# WORK INSTRUCTION
The result should be the listing below restated word for word, with images left out.

# RAW DATA

....

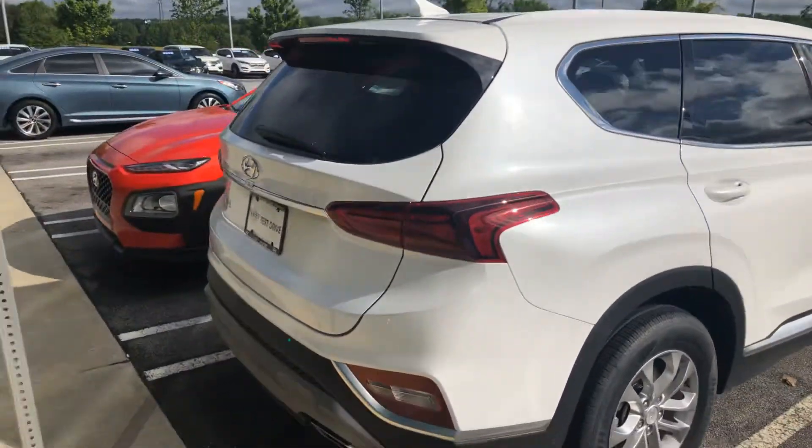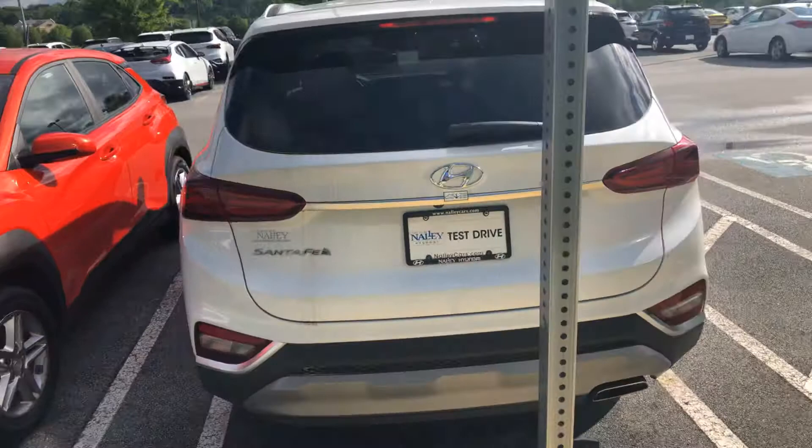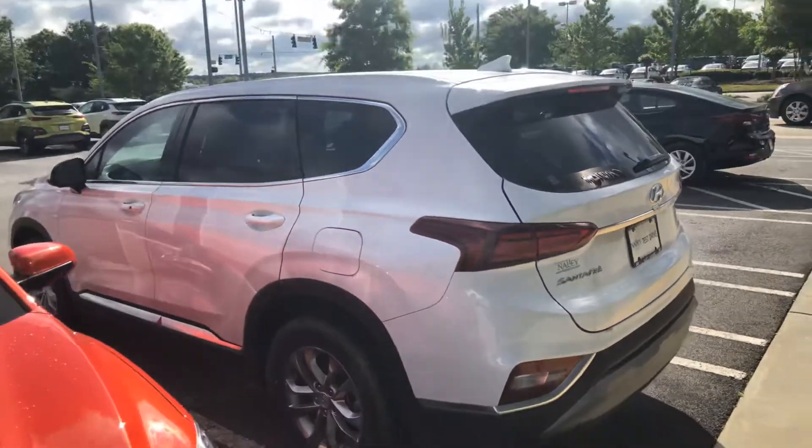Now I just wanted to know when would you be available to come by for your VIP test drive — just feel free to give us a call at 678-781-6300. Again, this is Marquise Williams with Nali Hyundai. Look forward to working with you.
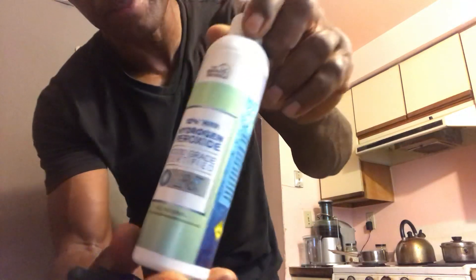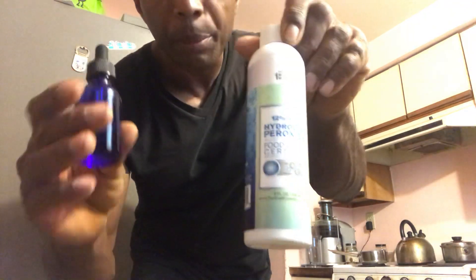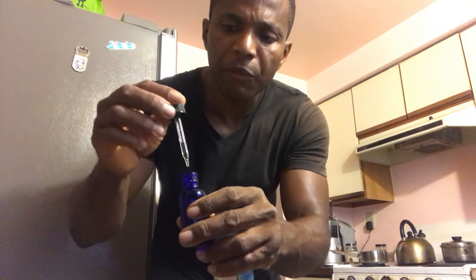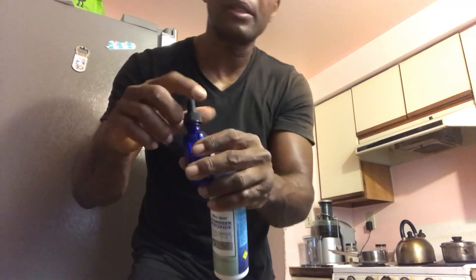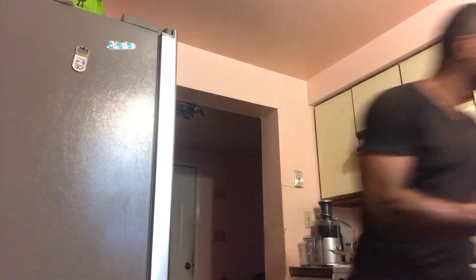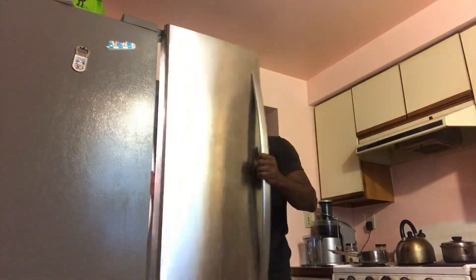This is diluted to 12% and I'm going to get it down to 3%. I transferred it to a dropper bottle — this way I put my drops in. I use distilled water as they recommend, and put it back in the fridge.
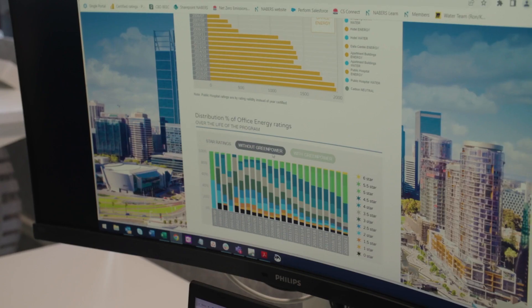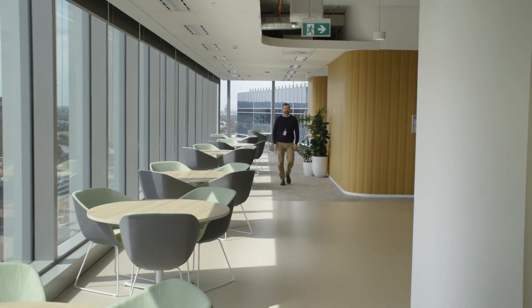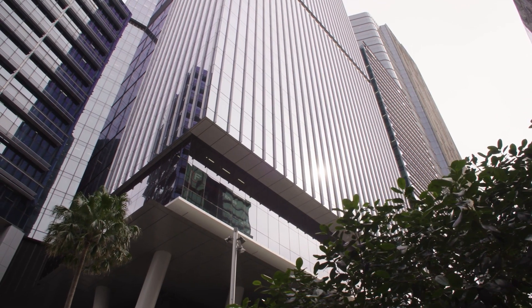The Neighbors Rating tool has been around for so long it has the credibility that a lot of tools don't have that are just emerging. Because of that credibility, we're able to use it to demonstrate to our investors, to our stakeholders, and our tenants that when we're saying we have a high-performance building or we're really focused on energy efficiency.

....

# SOLUTION
Now I just wanted to know when would you be available to come by for your VIP test drive — just feel free to give us a call at 678-781-6300. Again, this is Marquise Williams with Nali Hyundai. Look forward to working with you.
This is diluted to 12% and I'm going to get it down to 3%. I transferred it to a dropper bottle — this way I put my drops in. I use distilled water as they recommend, and put it back in the fridge.
The Neighbors Rating tool has been around for so long it has the credibility that a lot of tools don't have that are just emerging. Because of that credibility, we're able to use it to demonstrate to our investors, to our stakeholders, and our tenants that when we're saying we have a high-performance building or we're really focused on energy efficiency.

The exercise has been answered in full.